Work to complete: When you transcribe the listing, keep each line exact and drop the pictures.

Data block:
============

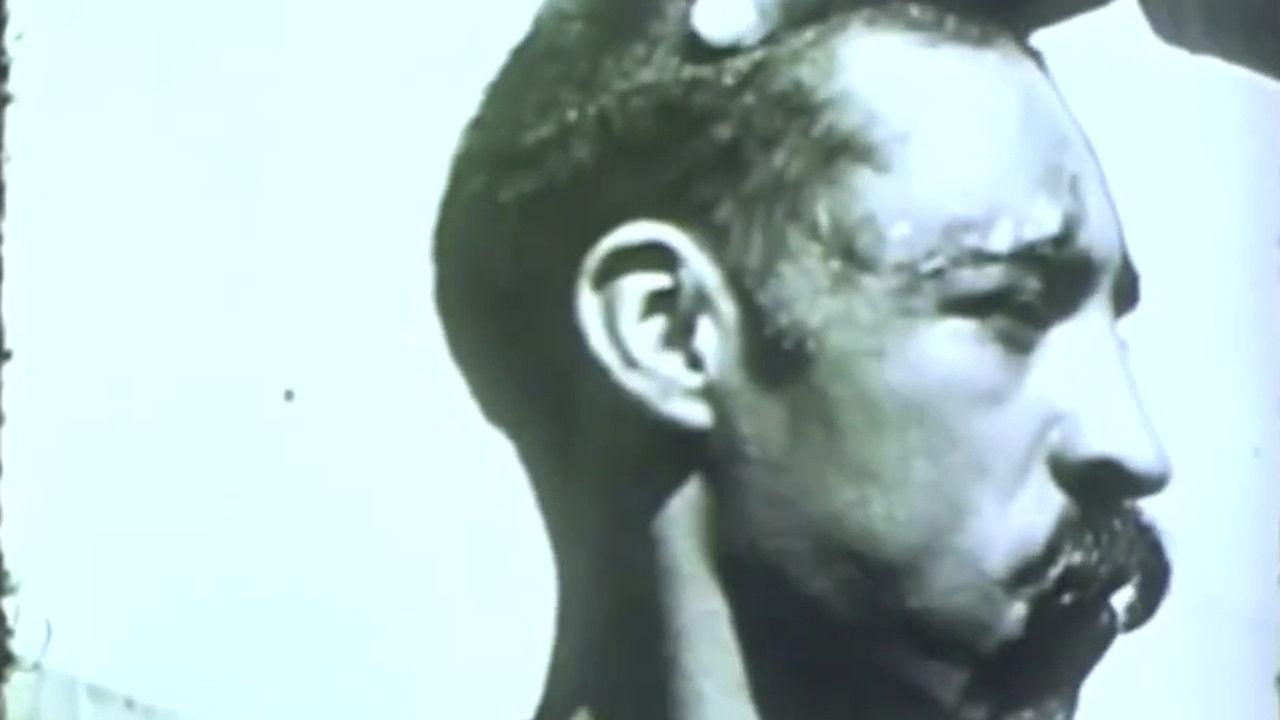 Rabies in a Human Patient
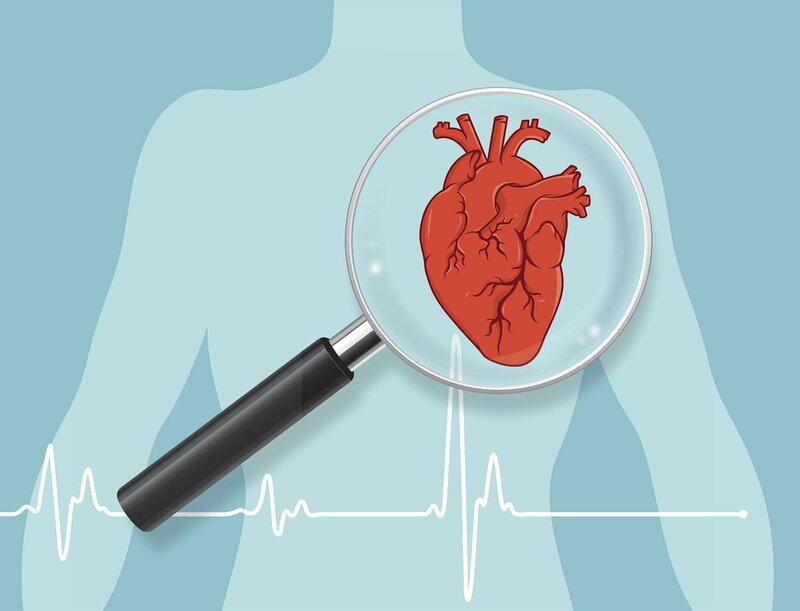 Bệnh thiếu máu cơ tim là gì? Nguyên nhân và triệu chứng của bệnh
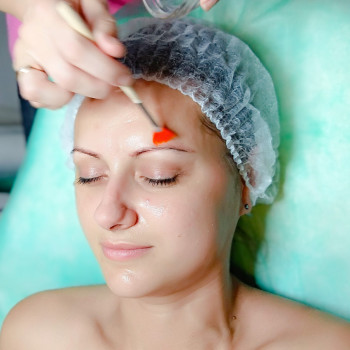 Пилинг, фото - косметолог ВикторияВікторія Моцная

============

Response to the exercise:
 Rabies in a Human Patient
 Bệnh thiếu máu cơ tim là gì? Nguyên nhân và triệu chứng của bệnh
 Пилинг, фото - косметолог ВикторияВікторія Моцная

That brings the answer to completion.